Il dubbio di un amico

Di Bugliani Vincenzo
12 Maggio 1999
Il leader dei Verdi a Firenze, documenta uno stato d’animo in seno alla sinistra. Ha senso parlare di “ingerenza umanitaria” quando si scende in guerra?

Un amico di Rifondazione mi dice: “Per salvare i bambini Kosovari le bombe Nato ammazzano altri bambini, anche kosovari”. A me le bombe erano parse “giuste” come unico rimedio, anche se compromesso perché tardivo, per fermare le schifezze del regime di Milosevic nel Kosovo. Naturalmente, si sperava che le bombe, oltre che “giuste”, fossero anche “intelligenti” e non cadessero sui civili. Era comunque certo che non potevano colpire i diretti esecutori delle atrocità. E così ad ogni errore si accrescono i dubbi (ma si tende anche a farci il callo) e ci si solleva ai minimi spiragli che fanno sperare vicina la fine dei bombardamenti. E intanto la buona coscienza chiede il massimo di aiuto ai profughi e l’allargamento dell’accoglienza a casa nostra.
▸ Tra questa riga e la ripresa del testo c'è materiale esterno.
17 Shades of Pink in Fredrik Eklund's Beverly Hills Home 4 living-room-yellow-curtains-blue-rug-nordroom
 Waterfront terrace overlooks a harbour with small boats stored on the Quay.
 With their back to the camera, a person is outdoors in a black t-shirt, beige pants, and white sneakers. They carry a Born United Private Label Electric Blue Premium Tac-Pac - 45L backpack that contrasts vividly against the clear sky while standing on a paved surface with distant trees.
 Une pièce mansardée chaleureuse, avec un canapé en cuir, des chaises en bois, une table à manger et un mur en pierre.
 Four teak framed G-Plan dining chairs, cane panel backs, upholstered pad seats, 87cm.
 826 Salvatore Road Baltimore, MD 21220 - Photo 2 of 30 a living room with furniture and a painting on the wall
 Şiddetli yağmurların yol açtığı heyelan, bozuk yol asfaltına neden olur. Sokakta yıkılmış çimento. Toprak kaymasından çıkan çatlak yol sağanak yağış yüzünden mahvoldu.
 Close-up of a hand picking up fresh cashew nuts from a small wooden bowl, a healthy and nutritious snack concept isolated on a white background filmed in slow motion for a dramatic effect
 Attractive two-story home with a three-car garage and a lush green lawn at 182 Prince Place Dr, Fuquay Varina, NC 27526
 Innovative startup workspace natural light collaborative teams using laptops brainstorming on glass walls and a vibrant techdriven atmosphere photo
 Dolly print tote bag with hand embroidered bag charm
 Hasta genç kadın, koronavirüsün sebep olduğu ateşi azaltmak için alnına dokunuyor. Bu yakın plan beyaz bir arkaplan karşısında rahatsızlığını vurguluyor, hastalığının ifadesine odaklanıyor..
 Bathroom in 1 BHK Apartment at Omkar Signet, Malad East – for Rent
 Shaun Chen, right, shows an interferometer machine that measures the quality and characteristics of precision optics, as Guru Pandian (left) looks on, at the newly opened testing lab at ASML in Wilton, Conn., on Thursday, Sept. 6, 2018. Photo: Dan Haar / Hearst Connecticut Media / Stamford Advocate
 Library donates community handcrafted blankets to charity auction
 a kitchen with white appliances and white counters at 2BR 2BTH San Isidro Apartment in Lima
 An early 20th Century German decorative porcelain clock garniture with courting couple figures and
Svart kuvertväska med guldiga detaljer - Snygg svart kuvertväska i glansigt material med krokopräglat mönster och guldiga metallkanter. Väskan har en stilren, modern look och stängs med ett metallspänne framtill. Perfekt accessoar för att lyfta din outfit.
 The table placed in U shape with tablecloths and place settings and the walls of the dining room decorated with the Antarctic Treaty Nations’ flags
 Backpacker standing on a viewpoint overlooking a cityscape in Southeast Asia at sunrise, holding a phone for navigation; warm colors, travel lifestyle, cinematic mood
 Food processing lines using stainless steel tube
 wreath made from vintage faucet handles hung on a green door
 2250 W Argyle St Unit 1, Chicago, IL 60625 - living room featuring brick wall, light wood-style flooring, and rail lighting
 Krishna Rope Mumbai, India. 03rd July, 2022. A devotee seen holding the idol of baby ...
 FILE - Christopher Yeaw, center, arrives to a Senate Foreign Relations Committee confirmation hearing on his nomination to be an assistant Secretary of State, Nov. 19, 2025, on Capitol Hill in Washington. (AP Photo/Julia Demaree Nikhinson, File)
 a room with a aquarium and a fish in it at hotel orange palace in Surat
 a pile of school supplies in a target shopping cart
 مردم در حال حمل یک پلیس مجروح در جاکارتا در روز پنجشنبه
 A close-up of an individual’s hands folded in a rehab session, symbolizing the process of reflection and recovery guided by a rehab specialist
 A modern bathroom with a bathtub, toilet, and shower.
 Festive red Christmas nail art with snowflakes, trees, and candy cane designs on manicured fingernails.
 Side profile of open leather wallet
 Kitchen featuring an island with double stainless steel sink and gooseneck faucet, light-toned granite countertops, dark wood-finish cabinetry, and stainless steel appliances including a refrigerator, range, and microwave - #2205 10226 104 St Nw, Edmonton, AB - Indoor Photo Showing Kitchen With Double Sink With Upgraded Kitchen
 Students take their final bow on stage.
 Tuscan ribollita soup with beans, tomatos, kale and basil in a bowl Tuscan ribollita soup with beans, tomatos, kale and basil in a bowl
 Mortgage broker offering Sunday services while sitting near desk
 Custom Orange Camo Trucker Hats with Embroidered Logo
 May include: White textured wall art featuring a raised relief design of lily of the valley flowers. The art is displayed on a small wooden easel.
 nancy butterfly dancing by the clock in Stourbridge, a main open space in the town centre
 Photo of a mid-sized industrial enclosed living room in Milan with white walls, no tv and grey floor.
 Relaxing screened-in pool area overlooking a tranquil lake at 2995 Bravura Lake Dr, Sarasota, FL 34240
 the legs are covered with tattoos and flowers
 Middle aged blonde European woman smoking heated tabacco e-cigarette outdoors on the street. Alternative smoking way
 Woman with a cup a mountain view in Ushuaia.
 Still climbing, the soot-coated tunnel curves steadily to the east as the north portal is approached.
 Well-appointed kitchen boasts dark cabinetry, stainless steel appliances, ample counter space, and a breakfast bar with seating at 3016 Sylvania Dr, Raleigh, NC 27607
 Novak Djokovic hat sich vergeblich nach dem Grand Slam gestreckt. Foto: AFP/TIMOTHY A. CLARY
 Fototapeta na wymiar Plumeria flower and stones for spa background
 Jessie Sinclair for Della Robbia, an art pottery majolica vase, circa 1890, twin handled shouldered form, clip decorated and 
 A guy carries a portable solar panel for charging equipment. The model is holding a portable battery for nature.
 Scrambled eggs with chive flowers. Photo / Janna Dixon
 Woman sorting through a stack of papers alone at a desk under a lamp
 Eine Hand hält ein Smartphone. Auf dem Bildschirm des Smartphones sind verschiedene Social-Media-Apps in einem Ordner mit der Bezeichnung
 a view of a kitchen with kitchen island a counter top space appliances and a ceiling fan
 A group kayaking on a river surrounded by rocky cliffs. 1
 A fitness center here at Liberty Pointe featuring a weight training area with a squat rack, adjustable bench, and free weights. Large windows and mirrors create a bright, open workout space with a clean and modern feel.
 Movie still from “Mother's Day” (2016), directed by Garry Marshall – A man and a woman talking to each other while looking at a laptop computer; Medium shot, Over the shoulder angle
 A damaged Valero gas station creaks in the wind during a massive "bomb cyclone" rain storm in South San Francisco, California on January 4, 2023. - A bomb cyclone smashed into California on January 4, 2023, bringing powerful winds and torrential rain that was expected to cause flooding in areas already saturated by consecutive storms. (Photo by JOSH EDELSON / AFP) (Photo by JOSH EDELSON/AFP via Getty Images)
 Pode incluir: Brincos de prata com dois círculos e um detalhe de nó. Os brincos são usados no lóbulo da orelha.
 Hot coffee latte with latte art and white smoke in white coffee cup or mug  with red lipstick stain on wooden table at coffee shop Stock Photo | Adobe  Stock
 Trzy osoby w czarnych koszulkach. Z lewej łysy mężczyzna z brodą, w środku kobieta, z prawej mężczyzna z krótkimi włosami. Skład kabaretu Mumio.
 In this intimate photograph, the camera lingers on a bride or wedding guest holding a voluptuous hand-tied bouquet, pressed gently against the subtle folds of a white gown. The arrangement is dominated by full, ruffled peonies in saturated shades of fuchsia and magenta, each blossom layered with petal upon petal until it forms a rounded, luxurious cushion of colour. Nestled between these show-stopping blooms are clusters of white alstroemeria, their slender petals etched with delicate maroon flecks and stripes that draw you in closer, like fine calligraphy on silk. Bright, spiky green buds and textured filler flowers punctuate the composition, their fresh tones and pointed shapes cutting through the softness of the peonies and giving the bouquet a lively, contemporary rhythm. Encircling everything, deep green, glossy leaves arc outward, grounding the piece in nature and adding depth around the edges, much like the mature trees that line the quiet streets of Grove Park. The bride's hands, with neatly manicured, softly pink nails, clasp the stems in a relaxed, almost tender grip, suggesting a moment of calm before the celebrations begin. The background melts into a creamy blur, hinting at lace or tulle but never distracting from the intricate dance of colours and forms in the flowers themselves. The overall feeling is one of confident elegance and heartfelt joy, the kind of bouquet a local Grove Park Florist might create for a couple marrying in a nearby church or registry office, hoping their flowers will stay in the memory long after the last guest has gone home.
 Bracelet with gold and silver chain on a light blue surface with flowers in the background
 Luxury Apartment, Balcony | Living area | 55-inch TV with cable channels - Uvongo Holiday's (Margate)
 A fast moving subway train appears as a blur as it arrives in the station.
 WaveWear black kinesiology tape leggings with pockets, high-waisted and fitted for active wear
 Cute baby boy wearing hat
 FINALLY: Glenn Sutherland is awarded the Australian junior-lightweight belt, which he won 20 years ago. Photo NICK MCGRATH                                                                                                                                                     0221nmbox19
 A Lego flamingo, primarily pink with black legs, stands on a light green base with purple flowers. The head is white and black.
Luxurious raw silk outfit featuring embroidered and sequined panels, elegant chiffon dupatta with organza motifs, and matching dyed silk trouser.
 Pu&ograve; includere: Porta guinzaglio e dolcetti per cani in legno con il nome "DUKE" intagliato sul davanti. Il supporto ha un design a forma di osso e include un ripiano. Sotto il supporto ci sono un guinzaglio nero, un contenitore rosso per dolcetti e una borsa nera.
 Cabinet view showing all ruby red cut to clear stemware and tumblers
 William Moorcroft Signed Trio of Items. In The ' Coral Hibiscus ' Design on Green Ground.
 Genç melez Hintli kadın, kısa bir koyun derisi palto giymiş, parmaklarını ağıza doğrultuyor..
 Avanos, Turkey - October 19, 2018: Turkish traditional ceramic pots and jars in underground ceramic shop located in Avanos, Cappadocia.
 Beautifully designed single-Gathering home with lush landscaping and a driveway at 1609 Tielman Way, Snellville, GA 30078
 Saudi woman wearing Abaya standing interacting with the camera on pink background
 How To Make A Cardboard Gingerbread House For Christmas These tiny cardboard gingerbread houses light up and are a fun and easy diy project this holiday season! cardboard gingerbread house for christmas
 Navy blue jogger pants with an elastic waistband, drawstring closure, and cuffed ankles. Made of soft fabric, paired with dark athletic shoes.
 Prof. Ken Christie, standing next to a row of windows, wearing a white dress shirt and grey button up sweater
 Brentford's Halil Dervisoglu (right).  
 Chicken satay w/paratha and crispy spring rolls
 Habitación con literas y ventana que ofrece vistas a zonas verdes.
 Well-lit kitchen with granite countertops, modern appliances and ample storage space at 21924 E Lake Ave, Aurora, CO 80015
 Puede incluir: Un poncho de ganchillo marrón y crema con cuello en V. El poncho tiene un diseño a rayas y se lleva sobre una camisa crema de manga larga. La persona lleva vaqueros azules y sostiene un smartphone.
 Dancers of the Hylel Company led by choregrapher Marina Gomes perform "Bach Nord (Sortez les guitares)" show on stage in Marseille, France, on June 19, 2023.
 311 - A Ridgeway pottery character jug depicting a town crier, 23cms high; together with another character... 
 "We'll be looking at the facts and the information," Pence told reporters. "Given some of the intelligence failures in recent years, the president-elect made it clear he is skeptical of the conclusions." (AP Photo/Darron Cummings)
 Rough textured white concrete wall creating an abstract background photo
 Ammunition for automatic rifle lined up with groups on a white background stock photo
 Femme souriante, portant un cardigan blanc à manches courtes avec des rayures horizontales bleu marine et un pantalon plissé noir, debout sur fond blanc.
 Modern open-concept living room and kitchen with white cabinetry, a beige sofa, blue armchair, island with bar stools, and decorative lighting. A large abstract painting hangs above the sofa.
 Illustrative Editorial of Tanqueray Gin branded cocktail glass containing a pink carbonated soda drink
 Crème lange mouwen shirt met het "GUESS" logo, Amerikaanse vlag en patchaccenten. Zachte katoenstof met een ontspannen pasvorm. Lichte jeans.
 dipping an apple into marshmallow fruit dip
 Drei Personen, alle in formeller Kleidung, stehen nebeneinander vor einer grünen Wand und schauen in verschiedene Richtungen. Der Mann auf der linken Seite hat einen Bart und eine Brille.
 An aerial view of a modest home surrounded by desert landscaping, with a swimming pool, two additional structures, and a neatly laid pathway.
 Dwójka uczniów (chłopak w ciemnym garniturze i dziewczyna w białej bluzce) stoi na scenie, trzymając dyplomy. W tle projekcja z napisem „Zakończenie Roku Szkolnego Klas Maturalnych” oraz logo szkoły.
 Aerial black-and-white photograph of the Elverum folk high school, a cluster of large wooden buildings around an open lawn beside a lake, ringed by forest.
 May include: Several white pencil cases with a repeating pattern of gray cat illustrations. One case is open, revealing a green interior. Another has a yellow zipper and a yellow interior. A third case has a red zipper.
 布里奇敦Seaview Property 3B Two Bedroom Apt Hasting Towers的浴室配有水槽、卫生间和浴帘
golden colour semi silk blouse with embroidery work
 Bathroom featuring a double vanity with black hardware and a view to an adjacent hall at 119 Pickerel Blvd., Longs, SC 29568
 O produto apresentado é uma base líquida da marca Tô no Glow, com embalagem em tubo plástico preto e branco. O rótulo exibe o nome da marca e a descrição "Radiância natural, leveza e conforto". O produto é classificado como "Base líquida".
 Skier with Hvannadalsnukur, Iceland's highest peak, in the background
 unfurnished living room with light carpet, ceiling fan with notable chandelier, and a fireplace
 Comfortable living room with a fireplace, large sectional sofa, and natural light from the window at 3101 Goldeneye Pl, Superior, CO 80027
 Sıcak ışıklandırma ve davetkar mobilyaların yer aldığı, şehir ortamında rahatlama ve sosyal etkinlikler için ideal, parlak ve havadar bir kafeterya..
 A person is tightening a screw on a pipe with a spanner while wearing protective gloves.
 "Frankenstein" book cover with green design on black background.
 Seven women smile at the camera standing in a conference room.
Non è in questione l’uso della forza militare per ridurre alla ragione, per lo meno nell’immediato, i malvagi, ben sapendo che tutti i popoli possono esserlo e che le vittime di oggi potrebbero diventare carnefici domani e che armi “giuste” possono essere impugnate da mani per altri versi o in altro momento ingiuste. Un prete fiorentino, don Dino Barsotti, scrive in questi giorni: “Noi cristiani dobbiamo stare attenti a non ingannare il mondo parlando di pace. Le guerre non finiranno”. Il secolo nostro, più di tutti i precedenti, non consente illusioni. La nostra specie ha in sé la follia della libertà, fino all’autodistruzione e alla distruzione del pianeta. Non c’è stato nessun progresso, se non forse nella consapevolezza della nostra tragedia. Non c’è sviluppo storico, ma un eterno presente. Sono progrediti solo i mezzi della distruzione. Se è vero che le guerre non finiranno, possiamo impegnarci a contrastare, coi mezzi che abbiamo, il malvagio di turno a difesa delle vittime di turno, senza presumere di salvare il mondo e di uscire dall’eterno presente, sapendo oltretutto che i risultati delle nostre azioni sono imprevedibili o quasi. Se Milosevic in qualche modo cedesse prima che l’intervento passi a misure più gravi? Rimarrebbe, oltre il resto, un carico di odio serbo per curare il quale dovremmo mettere in opera responsabili misure, insieme con le opere di ricostruzione e cooperazione. Mi ricordo che mia madre non si convinse mai della “giustizia” delle bombe e granate angloamericane che caddero sulla nostra casa e sulle nostre persone.